Migration Guide

Migration guide between Sparkling Water versions.

From 3.28.1 to 3.30

Removal of Deprecated Methods and Classes

  • On PySparkling, passing authentication on H2OContext via auth param is removed in favor of methods setUserName and setPassword ond the H2OConf or via the Spark options spark.ext.h2o.user.name and spark.ext.h2o.password directly.

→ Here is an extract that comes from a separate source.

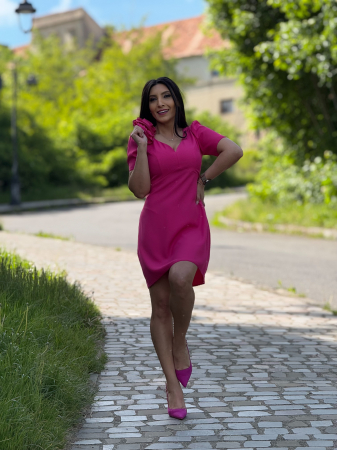 Rochie scurta cu floare in piept [5]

  • On RSparkling, the method h2o_context is removed. To create H2OContext, please call hc <- H2OContext.getOrCreate(sc). Also the methods h2o_flow, as_h2o_frame and as_spark_dataframe are removed. Please use the methods available on the H2OContext instance created via hc <- H2OContext.getOrCreate(sc). Instead of h2o_flow, use hc$openFlow, instead of as_h2o_frame, use asH2OFrame and instead of as_spark_dataframe use asSparkFrame.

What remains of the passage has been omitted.